Tauben und Falken des Friedens
Macron ist so Die Welt Er fasste zusammen, dass er „vom Lager der Friedenstauben in das der Falken“ übergewechselt sei. Während er 2022 betonte, dass Wladimir Putin „nicht gedemütigt werden“ dürfe, bezeichnet er es nun als russische „Niederlage“. […] von wesentlicher Bedeutung für die Sicherheit und Stabilität Europas. Die Entsendung von Bodentruppen sei nicht auszuschließen, erklärte er Ende Februar. Ihm zufolge sind diejenigen, die jetzt „nie, nie“ sagen, dieselben, die zuvor gesagt haben, dass „niemals“ westliche Panzer, Flugzeuge oder Marschflugkörper in die Ukraine gehen würden. „Ich erinnere Sie daran, dass vor zwei Jahren viele Leute an diesem Tisch angeboten haben, Schlafsäcke und Helme zu schicken.“ Es war eine direkte Missachtung Deutschlands.
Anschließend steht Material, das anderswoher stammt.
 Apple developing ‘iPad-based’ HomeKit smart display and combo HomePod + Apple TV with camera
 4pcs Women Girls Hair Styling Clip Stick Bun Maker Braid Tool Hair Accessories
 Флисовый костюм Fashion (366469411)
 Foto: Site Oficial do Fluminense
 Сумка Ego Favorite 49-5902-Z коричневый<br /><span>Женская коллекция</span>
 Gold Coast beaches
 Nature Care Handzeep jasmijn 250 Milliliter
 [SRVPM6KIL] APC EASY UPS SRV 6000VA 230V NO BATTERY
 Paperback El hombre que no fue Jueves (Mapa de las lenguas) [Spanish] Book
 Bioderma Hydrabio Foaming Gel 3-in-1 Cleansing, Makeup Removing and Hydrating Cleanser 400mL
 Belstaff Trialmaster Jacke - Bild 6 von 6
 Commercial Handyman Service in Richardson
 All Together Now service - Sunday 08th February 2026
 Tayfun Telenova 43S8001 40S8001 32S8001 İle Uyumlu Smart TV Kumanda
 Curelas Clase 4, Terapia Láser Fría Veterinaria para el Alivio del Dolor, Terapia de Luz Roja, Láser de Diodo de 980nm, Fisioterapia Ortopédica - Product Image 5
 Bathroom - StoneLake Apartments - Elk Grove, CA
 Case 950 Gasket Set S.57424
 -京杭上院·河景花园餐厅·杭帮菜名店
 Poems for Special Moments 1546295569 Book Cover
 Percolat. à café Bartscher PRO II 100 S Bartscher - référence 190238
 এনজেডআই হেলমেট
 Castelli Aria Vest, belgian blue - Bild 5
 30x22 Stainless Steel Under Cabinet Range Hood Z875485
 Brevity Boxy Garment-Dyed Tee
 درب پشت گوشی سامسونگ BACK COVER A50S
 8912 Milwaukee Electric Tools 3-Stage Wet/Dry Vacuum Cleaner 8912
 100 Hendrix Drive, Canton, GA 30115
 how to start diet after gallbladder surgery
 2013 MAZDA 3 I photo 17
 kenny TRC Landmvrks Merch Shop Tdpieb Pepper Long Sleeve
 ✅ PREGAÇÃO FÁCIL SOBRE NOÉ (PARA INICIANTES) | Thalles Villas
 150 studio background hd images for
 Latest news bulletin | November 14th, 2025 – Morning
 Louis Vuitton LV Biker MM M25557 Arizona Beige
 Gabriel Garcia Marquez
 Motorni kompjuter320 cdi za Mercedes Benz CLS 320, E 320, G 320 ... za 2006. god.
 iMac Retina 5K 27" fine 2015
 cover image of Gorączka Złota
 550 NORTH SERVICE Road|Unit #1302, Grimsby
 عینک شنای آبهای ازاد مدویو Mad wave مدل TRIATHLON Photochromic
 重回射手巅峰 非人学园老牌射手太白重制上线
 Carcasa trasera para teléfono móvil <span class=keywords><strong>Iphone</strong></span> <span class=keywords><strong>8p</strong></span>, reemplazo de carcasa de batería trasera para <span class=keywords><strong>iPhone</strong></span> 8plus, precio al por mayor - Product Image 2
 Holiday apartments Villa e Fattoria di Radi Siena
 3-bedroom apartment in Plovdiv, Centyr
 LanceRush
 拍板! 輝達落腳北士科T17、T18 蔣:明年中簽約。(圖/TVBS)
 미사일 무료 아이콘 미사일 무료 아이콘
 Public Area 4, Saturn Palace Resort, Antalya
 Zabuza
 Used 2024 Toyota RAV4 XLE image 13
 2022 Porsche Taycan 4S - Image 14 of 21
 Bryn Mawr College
Scholz reagierte ebenso wie die USA und die Niederlande sofort negativ. „Es ist klar: Es wird keine Bodentruppen europäischer Länder oder der NATO geben“, schrieb er auf X. Wenige Tage später folgte eine spezielle Videobotschaft. „Die NATO ist und wird keine aggressive Partei sein“, sagte er. Vizekanzler Robert Habeck fügte hinzu: „Ich freue mich, dass Frankreich darüber nachdenkt, seine Unterstützung für die Ukraine zu verstärken.“ Aber wenn ich Ihnen einen Rat geben kann: Schicken Sie mehr Waffen. Nach deutschen Angaben hinkt Frankreich bei den Waffenlieferungen weit hinterher.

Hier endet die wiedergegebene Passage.